**PROVIDED DATA:**
#####

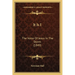 It Is I: The Voice Of Jesus In The Storm (1849)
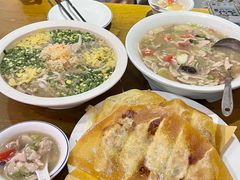 -杏花村水席楼(西大街总店)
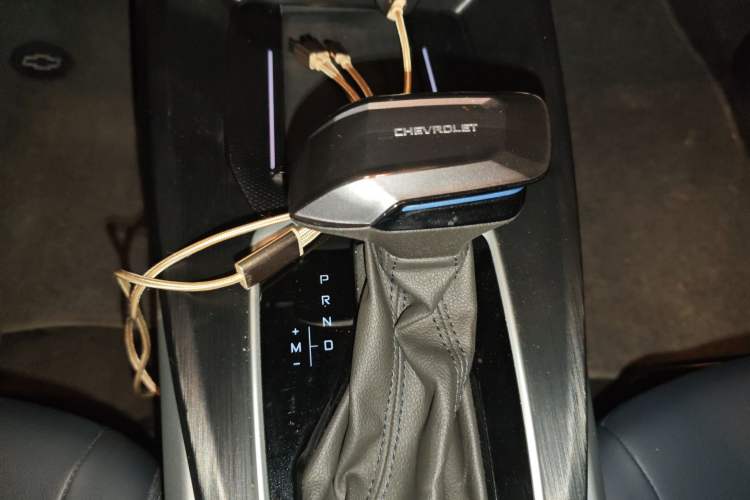 Used Chevrolet Monza 2024 1.5L Dual-Clutch Enjoyment Edition
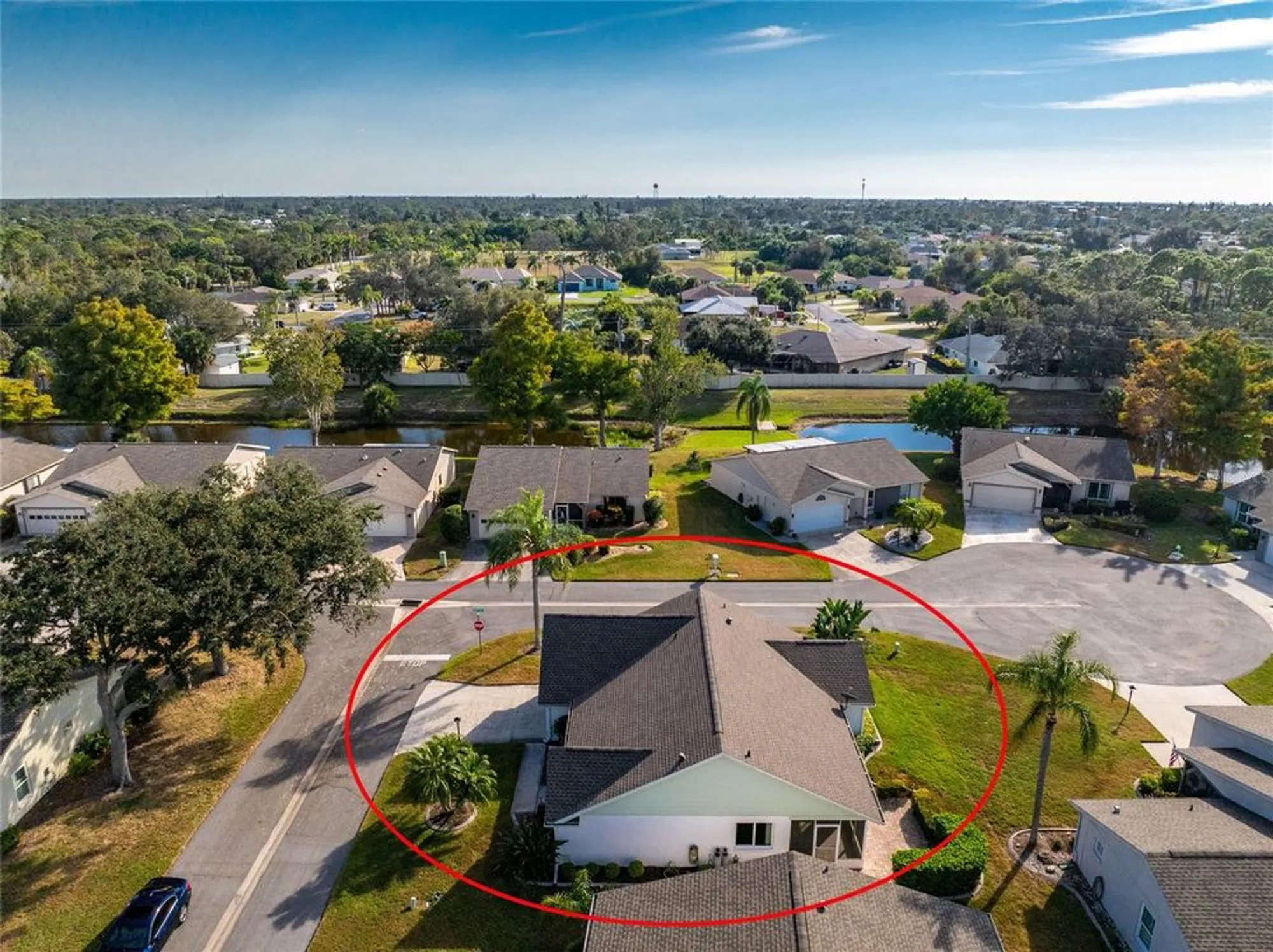 Property Slideshow image 50 of 65 | 336 indian key way 100, Englewood, FL, 34223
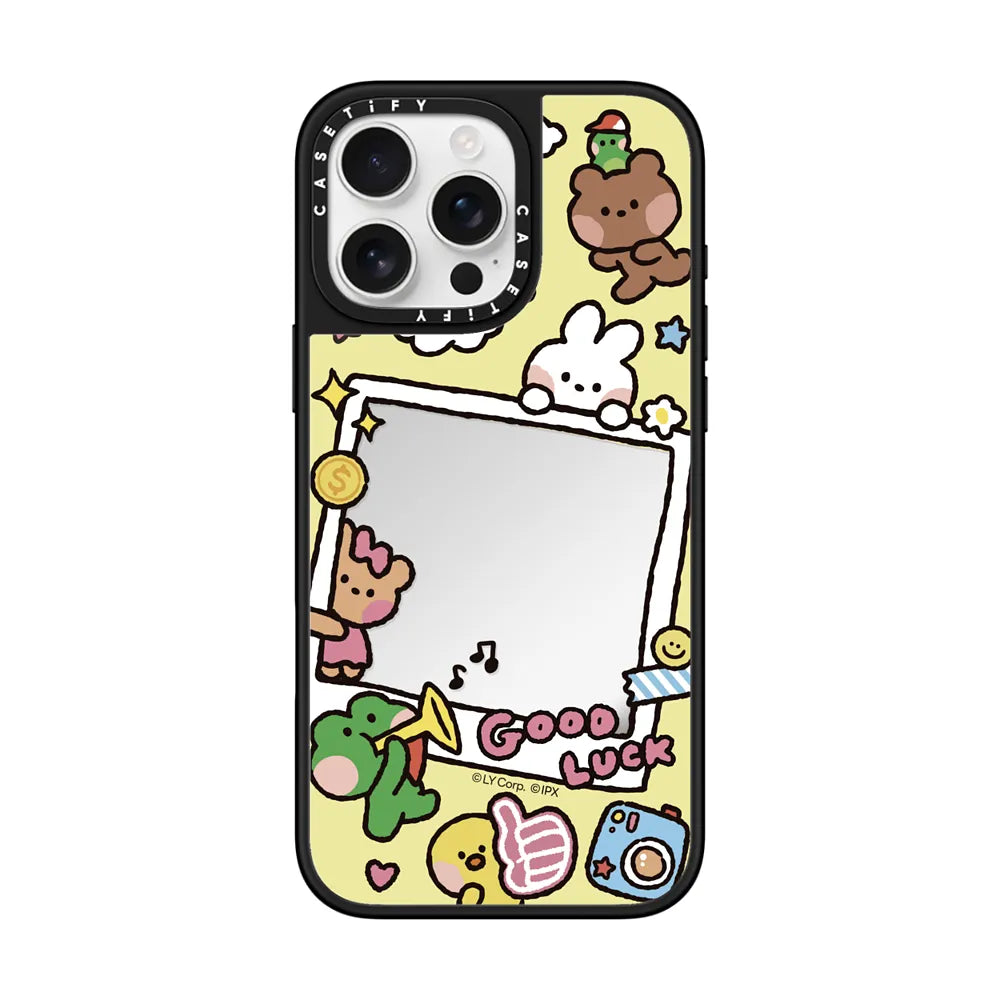 minini group photo Case | Image 1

#####

**TASK TO CARRY OUT:**
Images in the data above are to be skipped. Retype all other material exactly.

**SOLUTION FOR THIS PROBLEM:**
 It Is I: The Voice Of Jesus In The Storm (1849)
 -杏花村水席楼(西大街总店)
 Used Chevrolet Monza 2024 1.5L Dual-Clutch Enjoyment Edition
 Property Slideshow image 50 of 65 | 336 indian key way 100, Englewood, FL, 34223
 minini group photo Case | Image 1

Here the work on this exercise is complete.